Figure 37. Comparison of photoacoustic signals for fluorophores 118 (B5) and 119 (B6) in both water and encapsulated in Pluronic F127 to create nanoparticle micelle structures. This figure was reproduced with permission from Yong et al., 2023, copyright 2023 [92].

Figure 37. Comparison of photoacoustic signals for fluorophores 118 (B5) and 119 (B6) in both water and encapsulated in Pluronic F127 to create nanoparticle micelle structures. This figure was reproduced with permission from Yong et al., 2023, copyright 2023 [92].
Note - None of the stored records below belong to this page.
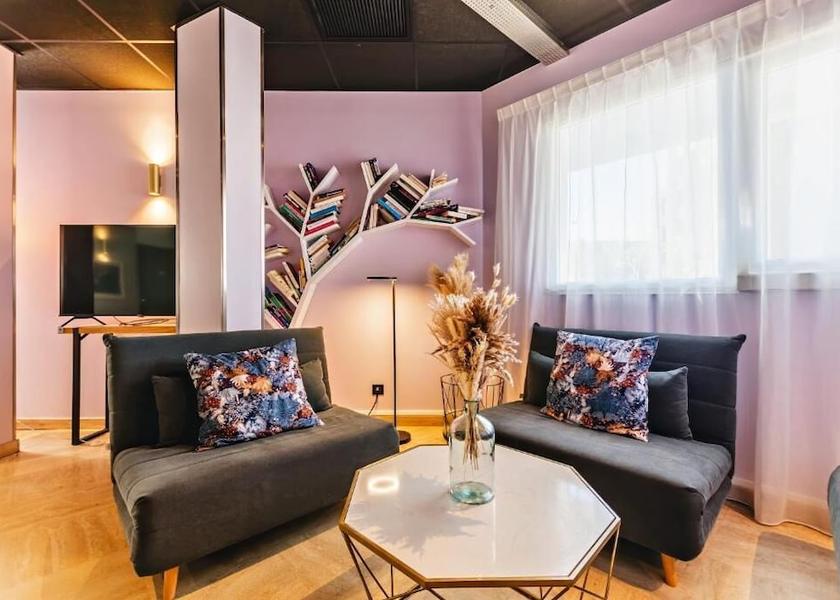 Auvergne-Rhone-Alpes Decines-Charpieu Bar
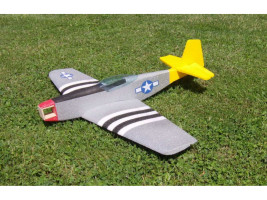 Észak-amerikai P-51D Mustang EPA (fehér változat)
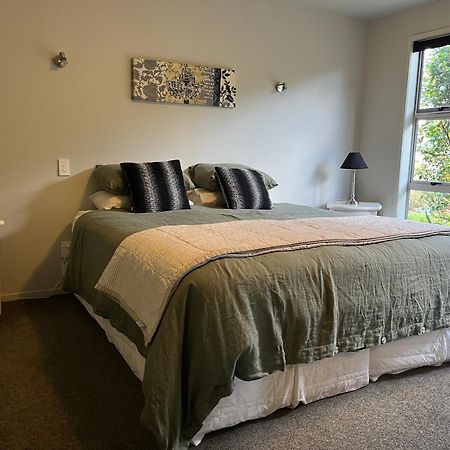 Lavender Hill Bed & Breakfast Riverhead Exterior photo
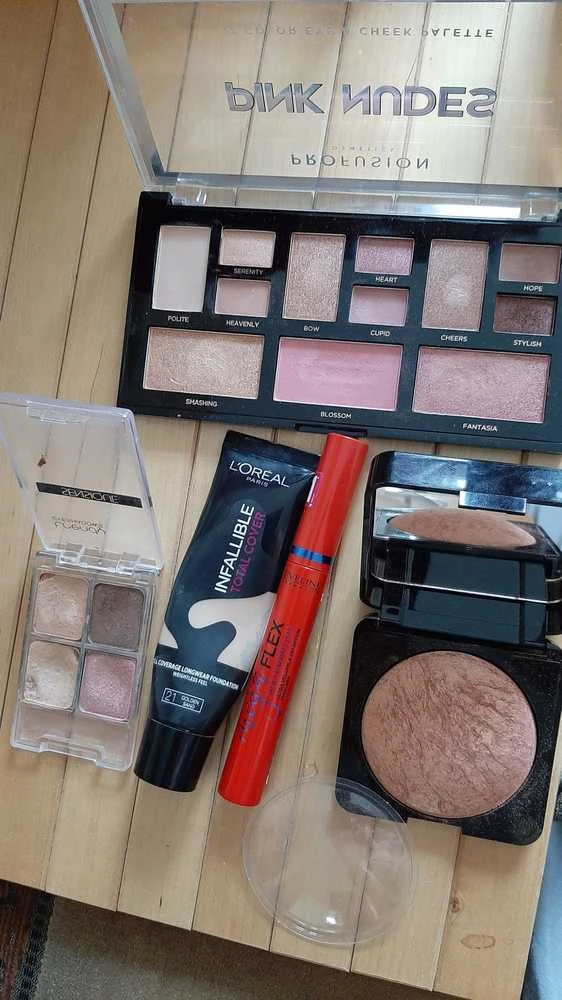 Profusion Mini Artistry Eyeshadow Palette Rožinė Nudes 1.5 g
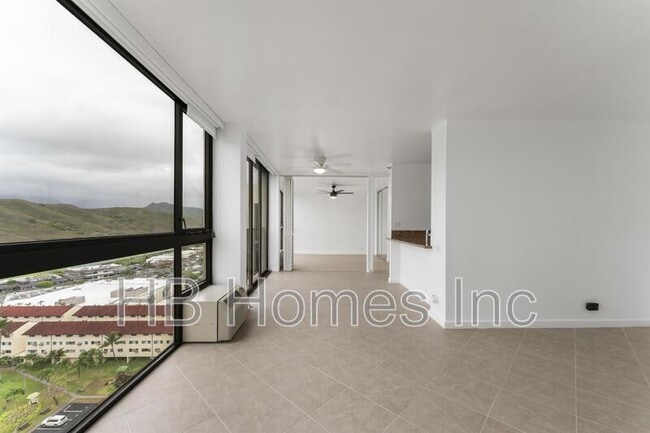 Building Photo - 322 Aoloa St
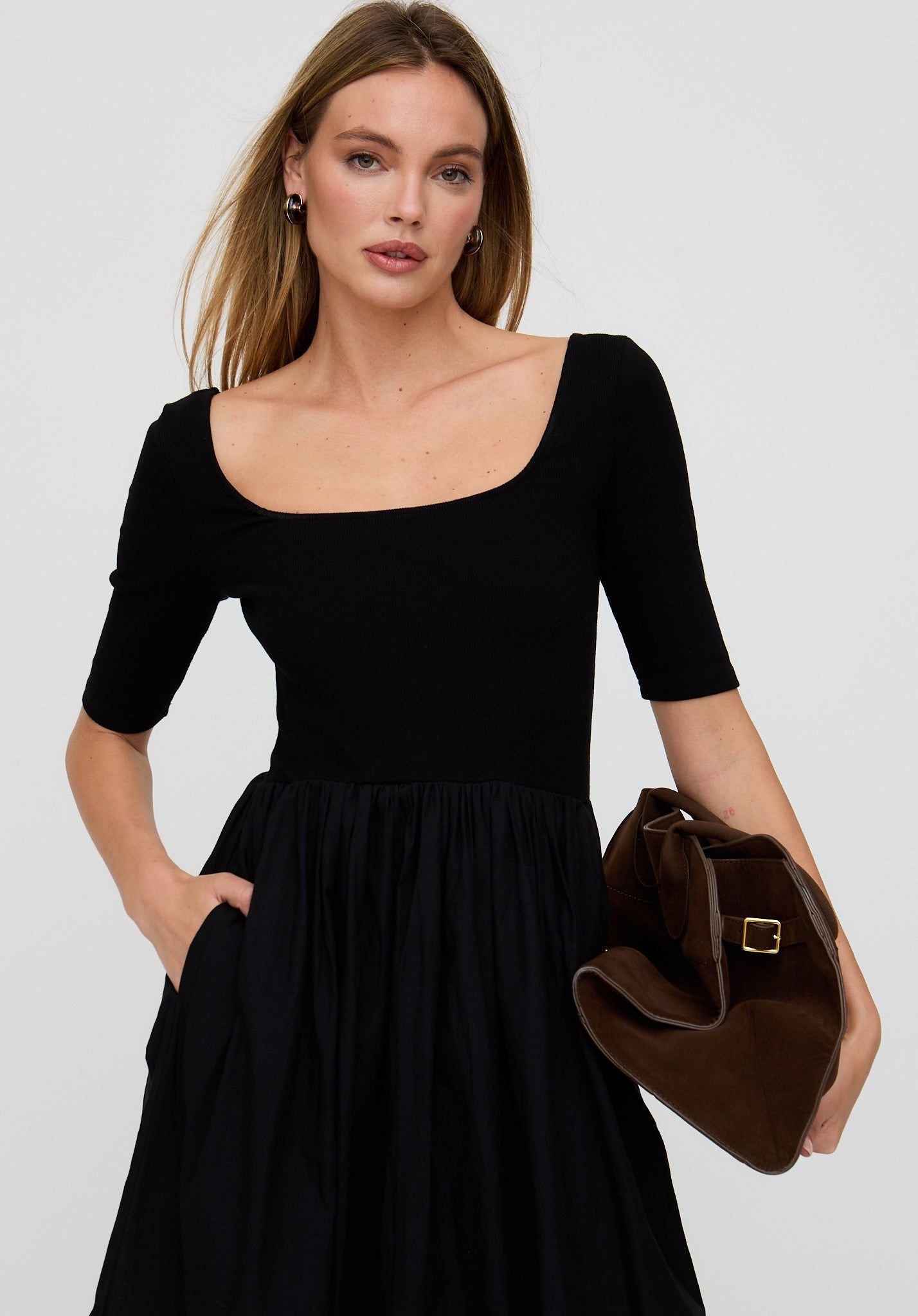 Lily and Lionel Lily and Lionel Women's Sydney Short Sleeve Jersey Bodice Embroidered Midi Dress In Black - 4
Conversely, in the alkaline pH range, Chen et al. (2025) devised a novel pH-responsive asymmetric aza-BODIPY probe via Schiff base formation, which exhibited turn-off fluorescence response between pH 9.6 to 12.4, with a computed pKa of 11.65. As shown in Scheme 15, the synthesis begins with a condensation reaction between a dione and aminobenzothiazole unit to reflux in dry dichlorobenzene for 10 minutes, then TiCl₄ and TEA are added to form the precursor aza-dipyrromethene intermediate, as evidenced by imine formation product completed via TLC. Finally, the resulting substrate is subjected to boron complexation [94]. Mechanistically, it was discovered that the probe relies on the deprotonation of the imine group within the aza-BODIPY core to confer an enhanced π-electron conjugation, in which the results of the pH-dependent fluorescence study revealed fluorescence decreasing with increasing pH until pH 12.4, in which the fluorescence was fully quenched [94], as shown in Figure 38. Figure 38 also demonstrates how the pH-response of fluorophore 122 is contingent upon the deprotonation of the imide group, as it significantly affects the absorption spectrum, in regions where the pH increases from 9.6 to 12.4, the intensities of the bands at 425 and 450 nm decrease, while the intensities around 381 nm and 397 nm increase, and a new absorption band emerges at 506 nm, as shown in Figure 39 [94].

8. Conclusions

Thus, the BODIPY class of NIR dyes has gained momentum in advancing the inception of biomedical imaging and cell imaging/tracking. As evidenced by the chemistry and synthetic pathways outlined in this updated review, the synthesis of the BODIPY fluorophores has become increasingly versatile through the years 2014 – 2025, to the advent of creating novel dimeric BODIPY fluorophores and through the C-H arylation of meso-substituted BODIPYs with various bromoarenes. Also, through the 3 synthetic routes to developing Aza-BODIPY fluorophores, derivatives have been fine-tuned in their photophysical properties, tumor targeting through active targeting with biomolecules such as biotin and folate, and metal-sensing capabilities to detect various heavy-metal and anionic analytes; this presents a finite biomedical translational value towards developing therapeutics such as potentially chelation therapy. The limitations of venturing deeper into the NIR-II region have begun to be circumvented by C-C coupling and the incorporation of synthetically diverse heterocycles to increase conjugation and planar rigidity. In addition, in vivo stability has been advanced by the addition of cationic and anionic groups to facilitate solubility in aqueous regions (blood, plasma, and urine) while maintaining renal clearance, especially through the continued advancement of probing the NIR-II window further with nanoparticles, to leverage both photodynamic, photoacoustic, and photothermal pathways. Future work entails elucidating information to bridge the gaps of understanding how to achieve desirable optical properties while avoiding hydrophobicity and leveraging the advances in rationale-based design for selective analyte detection and pH sensitivity.